DARPA looks to revolutionize neural interface implants

  DARPA has  announced a program aimed at developing a cutting edge neural implant capable of forming a communication bridge between a human brain and electronic devices. It is hoped that technology developed under the Neural Engineering System Design program will have a wide range of applications in research and healthcare.

While modern computing continues to develop at a staggering pace, we're yet to develop a system that's truly capable of interfacing with the complexities of the human brain. DARPA's new program aims to improve things, dramatically enhancing the capabilities of neurotechnology.

"Today's best brain-computer interface systems are like two supercomputers trying to talk to each other using an old 300-baud modem," said Phillip Alvelda, manager of the NESD program. "Imagine what will become possible when we upgrade our tools to really open the channel between the human brain and modern electronics."
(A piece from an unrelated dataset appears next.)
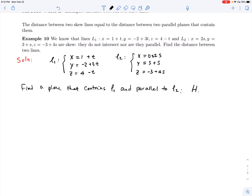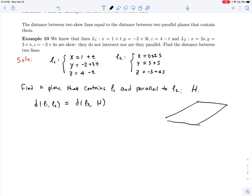Once we have that plane H, any distance from L2 to the plane equals the distance from L2 to L1. So the distance between L1 and L2 equals the distance between L2 and plane H. We put L1 inside plane H. We can draw a diagram: here is L1, and here is L2, and the distance shown is exactly the distance between them, because parallel lines lie in parallel planes.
Neural interfaces currently employed in research programs compress vast amounts of information through 100 channels, each of which receives sensory information sent from tens of thousands of neurons. Unsurprisingly, this doesn't lead to the best results, with readings regularly coming through inaccurate and noisy.

DARPA envisions the next generation of the technology to be far more precise, leading the way with an implantable neural interface system with the capacity to connect and receive data from any one of up to a million neurons, all while measuring no more than one cubic centimeter in size.
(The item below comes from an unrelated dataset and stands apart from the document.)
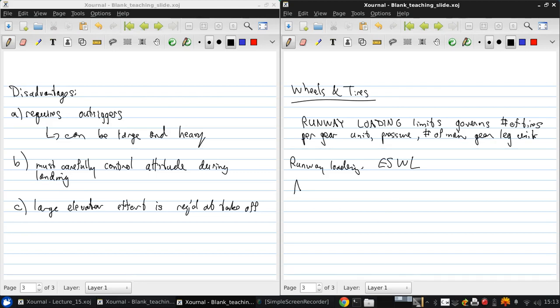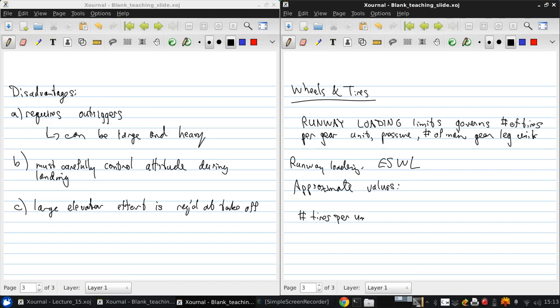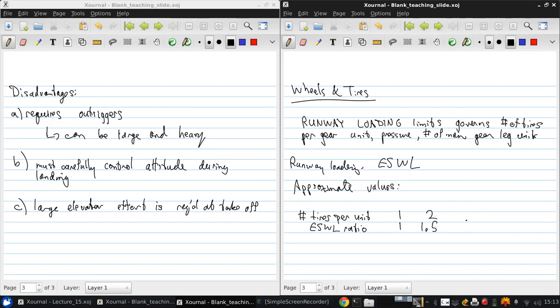Here are some approximate values to help illustrate this. Number of tires per unit and ESWL ratio: 1 gives you 1.0, of course. If there are 2 tires per unit, you can load them up 50% higher. 4 tires gives 2.25, 8 tires gives 2.5.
The challenges faced by the program, both in terms of research and complexity in hardware design, are phenomenal. According to the agency, in order to achieve its goals, significant breakthroughs will have to be made in a wide range of scientific fields, from synthetic biology to neuroscience and low-power electronics. NESD researchers will work to develop complex, novel techniques designed to transcode the electrochemical signals transmitted by neurons in the brain, and present the data with the highest possible fidelity.

If the program does prove successful, then there will be a wide array of potential applications, from opening up new avenues in neurotechnology, utilizing the sensory data collected by the implant to significantly improve a patient's sight or hearing, and new treatment options for therapy patients.